Stamp Out Common Areas of Waste in Healthcare IT Data and Analytics

When considering new advanced data analytics software adoption, healthcare IT specialists play a critical role in identifying and reducing organizational waste.  Waste often involves inefficiencies or repetitive or unnecessary steps that perpetuate data siloes and hinder the effective use of an organization’s talent and technology.

To that end, an organization might rely on a process improvement method originating from the Lean methodology, such as The Eight Wastes, which centers efforts on specific areas that drain organizational resources.

The following outlines the areas, along with possible solutions, using emergency departments as an example:

  • Unused Talent: Capitalize on the knowledge and skills of the existing workforce by assigning a triage specialist to manage ticket requests.
  • Overprocessing: Reduce idle time by leveraging IT interns for less complex reporting requirements.
  • Overproduction, Inventory, & Defects: Get ahead of demands, avoid unnecessary data stockpiling, and reduce errors by defining problems and standardizing documentation requirements in advance. Establish a designated role for monitoring and reporting progress updates.
  • Transportation & Motion: Foster collaborative spaces and limit unnecessary physical demands by relocating triage specialists near data architects and software developers to prevent communication delays and potential errors.
  • Waiting: Improve productivity by adopting service-level agreements and agreed-upon workflow processes.

Guidelines for Adopting an Advanced Data Analytics Platform

Undoubtedly, self-service healthcare analytics empowers health systems to unlock the value of their data, democratize access to insights, and inform decision-making, which ultimately promotes a data-driven culture, operational efficiency, and improved patient outcomes.
Functionality is the first factor to consider when selecting an advanced data analytics platform. Look for a solution with robust capabilities such as predictive modeling, machine learning algorithms, and visualization tools. The platform should also have enough flexibility to customize these features based on a health system’s unique requirements.

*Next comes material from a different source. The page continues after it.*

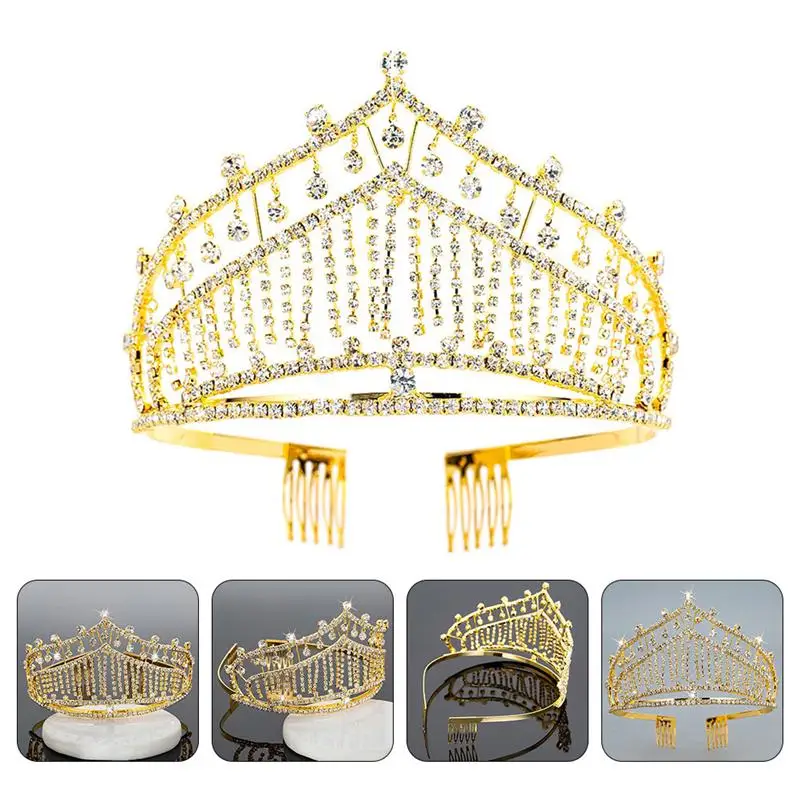 

1Pc Crown Bridesmaid Party Wedding Rhinestones Headband Hair Accessory Crystal Headdress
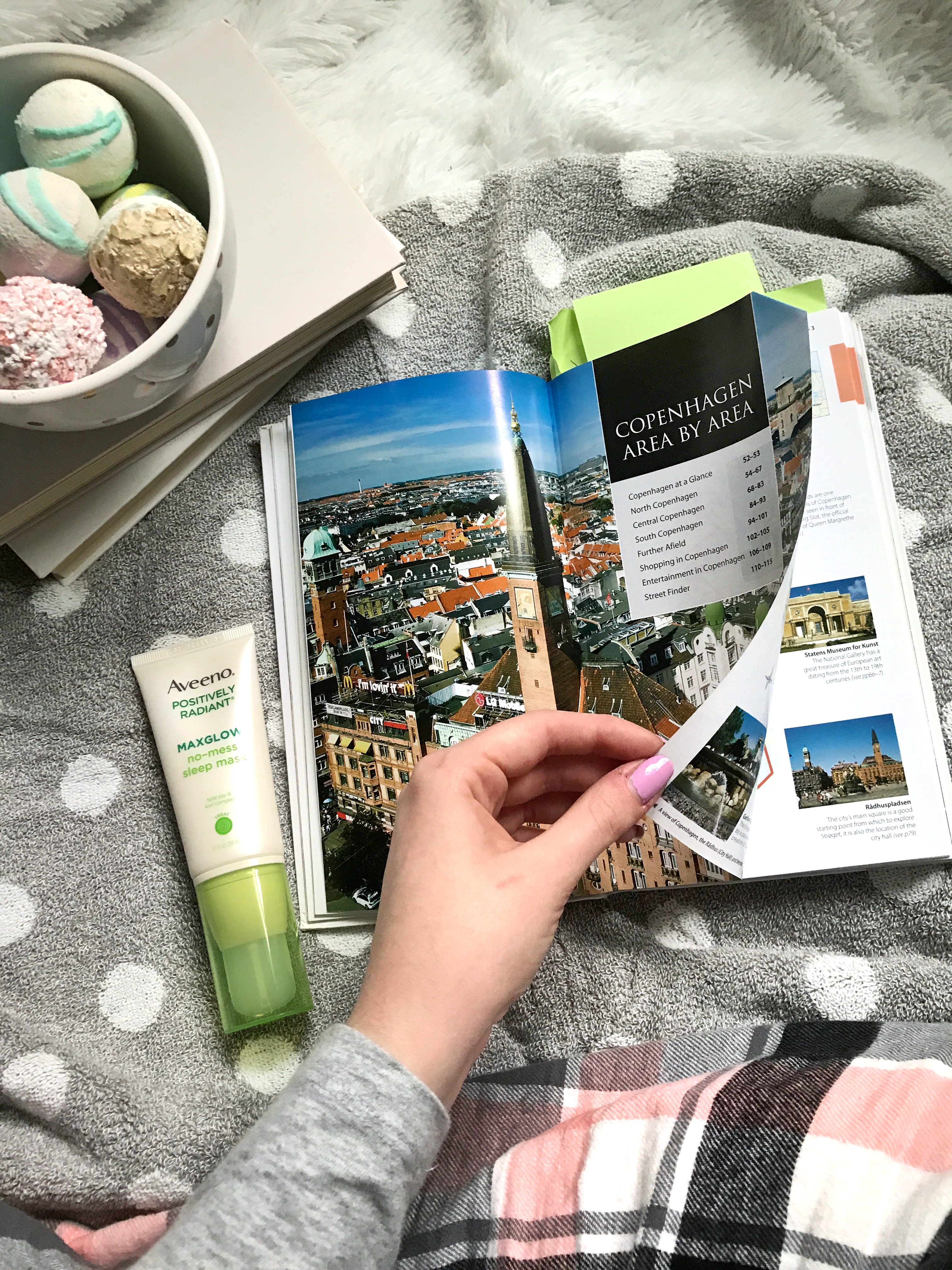 Busy self-care routine with aveeno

Scalability is equally important when evaluating an advanced data analytics solution. As the organization grows and generates more data, the platform must handle increasing volumes of information while maintaining optimal performance levels. The selected solution should provide scalability without sacrificing efficiency or compromising analytical accuracy.

Involve key stakeholders, such as clinicians, administrators, and analysts, in the migration process. Understand their specific needs and requirements for data analysis and collaborate with them to design the new healthcare analytics platform.

As these advanced data analytics applications become more critical to an organization’s operations, it’s important to continuously monitor their performance and usage to ensure they meet clinical, operational, and financial needs.

To that end, collecting feedback from users and stakeholders plays a crucial role in identifying areas for improvement and optimization. Through regular surveys, focus groups, or one-on-one interviews, organizations can gather valuable insights that can help them improve platform functionality, usability, or performance. By considering user feedback, hospitals and health systems can prioritize advanced data analytics enhancements or bug fixes that could significantly impact overall platform effectiveness.